The axillary nerve originates from the posterior cord of the brachial plexus (C5-C6) near the coracoid. It proceeds along the inferolateral border of the subscapularis muscle to curve inferior to the glenohumeral joint capsule and pass to the posterior aspect of the arm with the posterior circumflex artery through the quadrilateral space.35 The axillary nerve has two terminal branches, anterior and posterior. The anterior branch innervates the anterior part of deltoid, the posterior supplies teres minor and the posterior deltoid. Ultrasound detection of the axillary nerve is challenging due to its small size and deep course. With arm elevation, the axillary neurovascular bundle can be imaged as it runs across the quadrilateral space close to the inferior aspect of the glenohumeral joint. Axillary neuropathy is caused by stretching injuries or stenosis of the quadrilateral space by fractures, fibrous bands, or inferior (from 9 to 7 o’clock positions) paraglenoid cysts.36 Teres minor atrophy can be assessed by comparing the size of the muscle with the adjacent infraspinatus (Fig. 12.8). Atrophy of deltoid is confirmed by reduced thickness relative to the opposite side.37 Ultrasound is able to demonstrate paralabral cysts extending from the inferior aspect of the glenoid in association with a tear of the inferior labrum.






Figure 12.7. Suprascapular nerve entrapment. A: Coronal 12.5 MHz ultrasound image obtained over the supraspinous fossa shows a lobulated ganglion cyst (small arrows) close to the suprascapular nerve (large arrow). The cyst lies on the floor of the fossa deep to the deltoid (Del) and supraspinatus (SupS) muscles. B: Transverse fat-suppressed TSE T2w MR shows the ganglion (arrow) and diffusely increased signal in the infraspinatus muscle (arrowheads) due to denervation.


Elbow

At the medial elbow, the ulnar nerve courses in the condylar groove, a space delimited by the olecranon and the medial epicondyle and bridged by the cubital tunnel retinaculum (Osborne fascia). The nerve then enters the proper cubital tunnel, a narrow passage between the
ulnar and humeral heads of the flexor carpi ulnaris covered by the arcuate ligament, a distal expansion of the Osborne fascia. Ulnar nerve compression may occur at the condylar groove (proximal tunnel) or at the edge of the arcuate ligament (distal tunnel) due to bony abnormalities (e.g., cubitus valgus, deformities from previous fractures, medial osteophytes, and loose bodies), thickening of the floor of the tunnel (the joint capsule and the posterior band of the medial collateral ligament), and space-occupying masses (ganglia and accessory muscles, i.e., anconeus epitrochlearis). In early or mild cases, the clinical diagnosis of cubital tunnel syndrome may be difficult, and electrophysiology has a low sensitivity, ranging from 37% to 86%.38 In cubital tunnel syndrome, ulnar nerve CSA >10 mm2 is generally accepted as abnormal with sensitivity as high as 95% to 100%,39 but there is poor correlation between ulnar nerve size and electrophysiology. Ultrasound demonstrates a fusiform hypoechoic swelling of the ulnar nerve with loss of the fascicular pattern.40 Ultrasound examination during elbow flexion should always be obtained to identify dynamic nerve impingement (e.g., prominent medial head of triceps) (Fig. 12.9).

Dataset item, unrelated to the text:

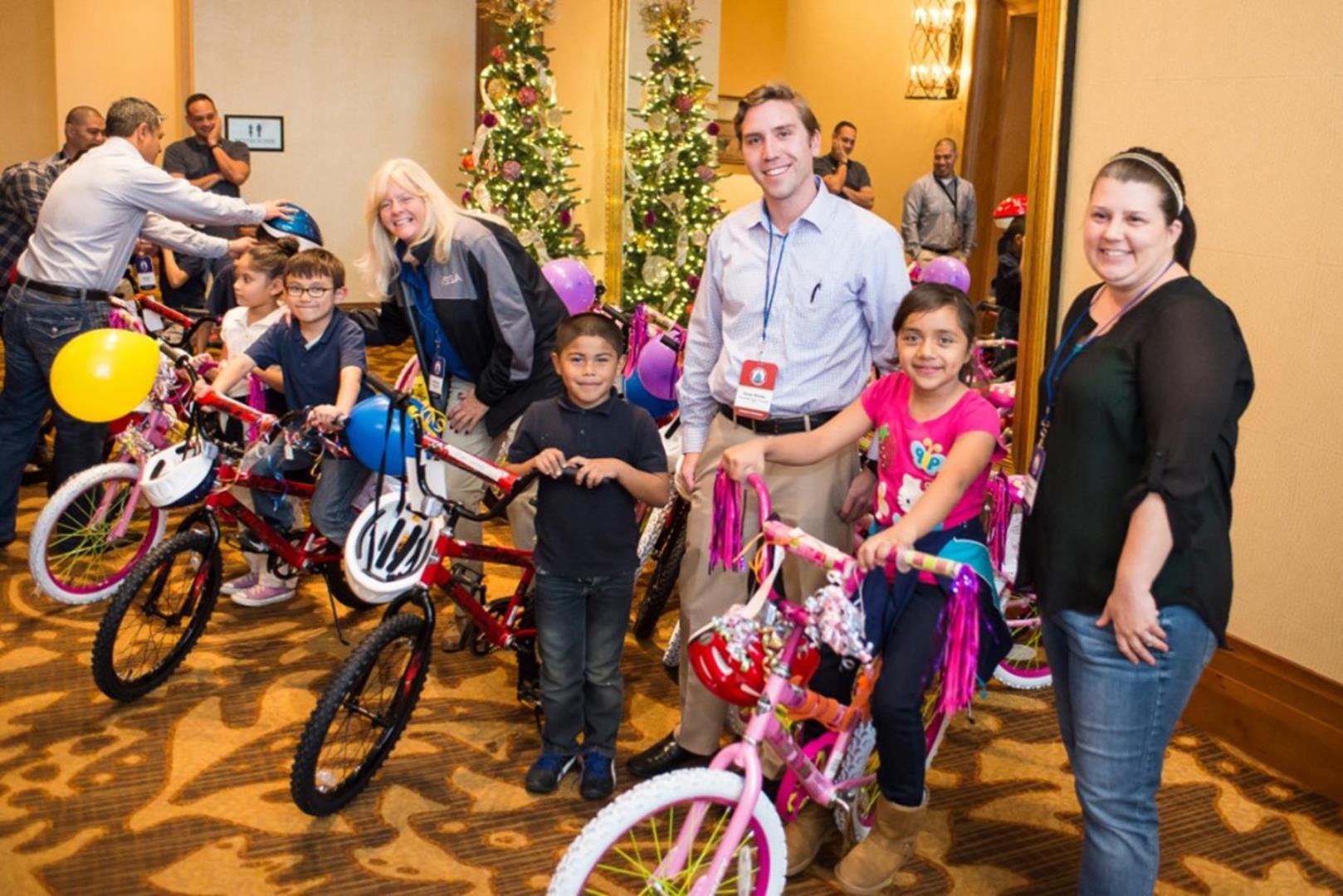 Parker Medley from Marco Island/Naples Sports helps kids choose a bike.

Figure 12.8. Axillary nerve entrapment. A: Longitudinal 12.5 MHz ultrasound image of the supraspinatus tendon (SupS) shows marked atrophy of the deltoid muscle (arrows). GT, greater tuberosity. B: Sagittal extended field of view 12.5 MHz ultrasound image obtained over the posterior fossa demonstrates loss of bulk and increased echogenicity of the teres minor muscle (arrow), consistent with fatty atrophy, whereas the infraspinatus (InfS) is preserved. Note the spine of the scapula (asterisk). C: Oblique sagittal STIR MR reveals intramuscular edema with increased signal intensity in the deltoid (small arrows) and teres minor (large arrow).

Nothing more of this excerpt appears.